15. A blacksmith heats a 1.1kg iron horseshoe to 550 degree Celsius, then plunges it into a bucket containing 15 kg of water at 20 degree Celsius. What is the final temperature? Assume that the transfer of heat is 100% efficient. (specific heat water = 1 cal/g^oC; iron = 0.107 cal/g^oC).

42 Celcius

15 Celcius

48 Celcius

96 Celcius

99 Celcius

When the hot horseshoe is plunged into the bucket of water, heat is transferred from the horseshoe to the water until they reach thermal equilibrium. This means that the heat lost by the horseshoe is equal to the heat gained by the water. We can use the equation Q = mcΔT, where Q is the heat transferred, m is the mass, c is the specific heat, and ΔT is the change in temperature.

For the horseshoe, the heat lost is Q = mcΔT = (1.1 kg)(0.107 cal/goC)(550 - T), where T is the final temperature in Celsius.

For the water, the heat gained is Q = mcΔT = (15 kg)(1 cal/goC)(T - 20), where T is the final temperature in Celsius.

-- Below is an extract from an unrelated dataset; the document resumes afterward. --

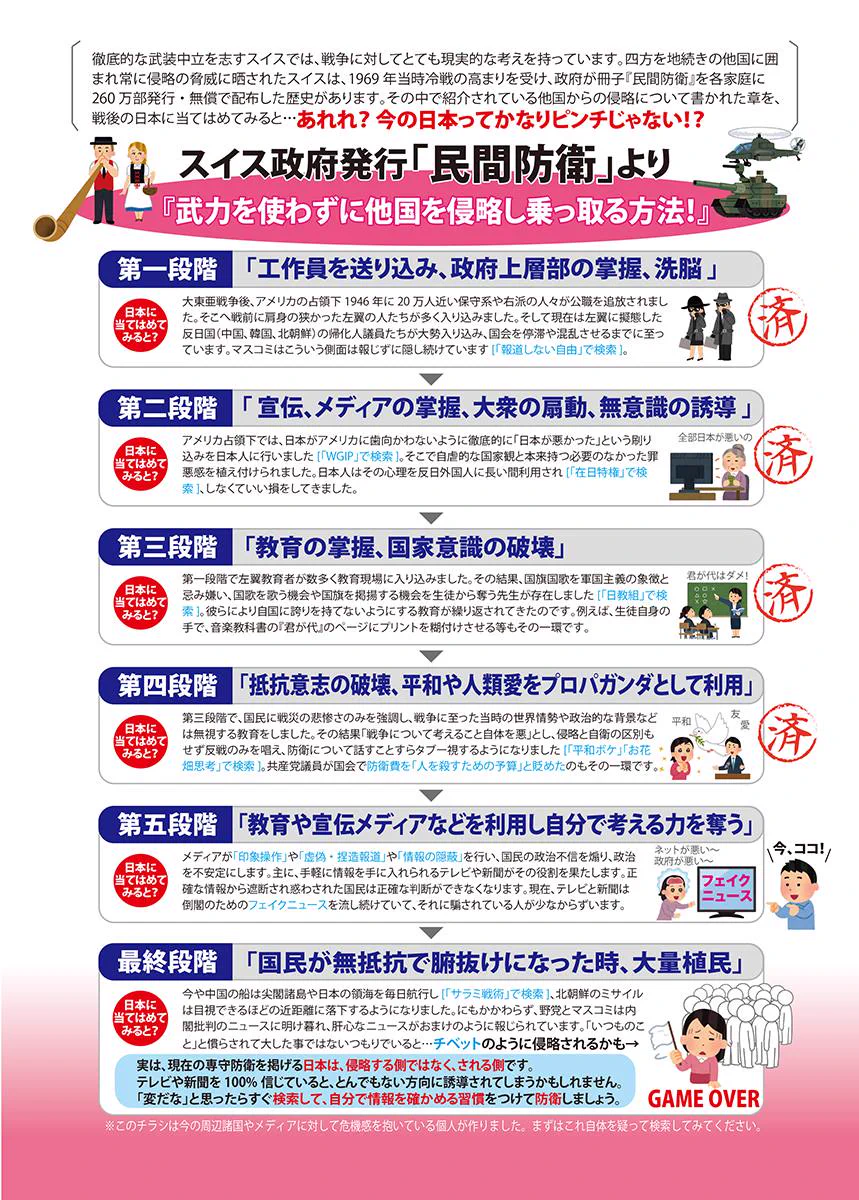 スイス 民間 防衛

Since the transfer of heat is 100% efficient, the heat lost by the horseshoe is equal to the heat gained by the water. Setting the two equations equal to each other and solving for T gives us T = 42°C.

Explanation

When the hot horseshoe is plunged into the bucket of water, heat is transferred from the horseshoe to the water until they reach thermal equilibrium. This means that the heat lost by the horseshoe is equal to the heat gained by the water. We can use the equation Q = mcΔT, where Q is the heat transferred, m is the mass, c is the specific heat, and ΔT is the change in temperature.

For the horseshoe, the heat lost is Q = mcΔT = (1.1 kg)(0.107 cal/goC)(550 - T), where T is the final temperature in Celsius.

For the water, the heat gained is Q = mcΔT = (15 kg)(1 cal/goC)(T - 20), where T is the final temperature in Celsius.

Since the transfer of heat is 100% efficient, the heat lost by the horseshoe is equal to the heat gained by the water. Setting the two equations equal to each other and solving for T gives us T = 42°C.